Python Forum

Full Version: Soup('A')
You're currently viewing a stripped down version of our content. View the full version with proper formatting.
Hello,

I've been going through an introductory Python book that includes some material on web scraping using BeautifulSoup. My question is about the final three lines in the below code:

import urllib.request, urllib.parse, urllib.error
from bs4 import BeautifulSoup
import ssl

# Ignore SSL certificate errors
ctx = ssl.create_default_context()
ctx.check_hostname = False
ctx.verify_mode = ssl.CERT_NONE

url = "https://docs.python.org"
html = urllib.request.urlopen(url, context=ctx).read()
soup = BeautifulSoup(html, 'html.parser')

# Retrieve all of the anchor tags
tags = soup('a')
for tag in tags:
     print(tag.get('href', None))
I understand what the code is doing (and it works on my computer) but I'm curious about what's going on in the line "tags = soup('a')." The get() method used in the for loop on the next two lines suggests that "soup('a')" is referring to a dictionary.
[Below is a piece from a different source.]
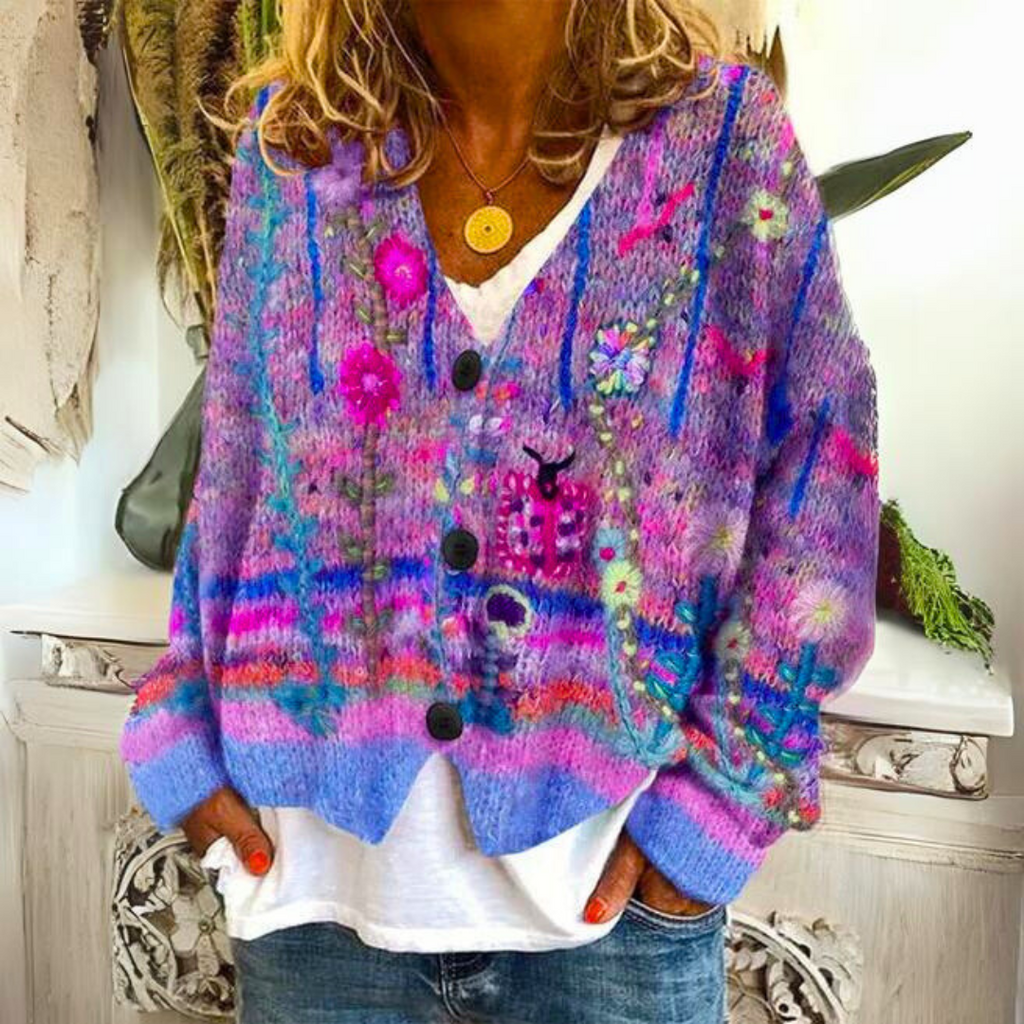 GR | Luxuriöse bedruckte Strickjacke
But if that were the case, shouldn't the code be written with square brackets as "tags = soup['a']"? Also, when I print tags the output I get indicates to me that tags is a list (the output starts with a square bracket and ends with a square bracket).
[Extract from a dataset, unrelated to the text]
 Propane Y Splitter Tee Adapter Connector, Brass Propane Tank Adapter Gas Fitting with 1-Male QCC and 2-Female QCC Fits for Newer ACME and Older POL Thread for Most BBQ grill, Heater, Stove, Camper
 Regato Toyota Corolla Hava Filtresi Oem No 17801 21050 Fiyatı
I tried looking through the BeautifulSoup documentation for any insights on this but am still unclear.

Thanks in advance for any help.
I would have used: tags=soup.find_all('a')
(Aug-31-2022, 12:23 PM)Larz60+ Wrote: [ -> ]I would have used: tags=soup.find_all('a')
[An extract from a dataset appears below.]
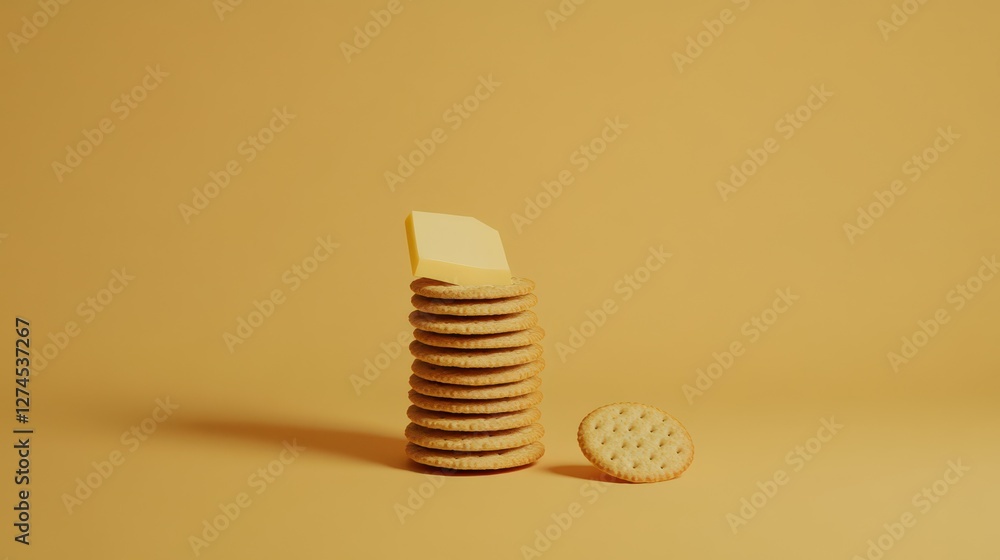 Poster minimalist image of a stack of perfectly round crackers and a slice of butter on a soft yellow backg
Thanks Larz60+, that definitely makes more sense to me (and produces the same result).
1.> soup('a') is not referring to a dictionary, but it's actually filtering and extracting all <a> tags from the parsed HTML, returning a ResultSet (a list-like object).
2.> The code tags = soup('a') assigns this list of Tag objects to the variable tags.
3.> When you print tags, it displays the representation of the ResultSet, which may look like a list.

Your understanding is correct: the square brackets indicate a list-like structure, but the actual content inside those brackets is a collection of Tag objects, not dictionary keys or values.
Thanjs this cide
# Ignore SSL certificate errors
ctx = ssl.create_default_context()
ctx.check_hostname = False
ctx.verify_mode = ssl.CERT_NONE

html = urllib.request.urlopen(url, context=ctx).read()
soup = BeautifulSoup(html, 'html.parser')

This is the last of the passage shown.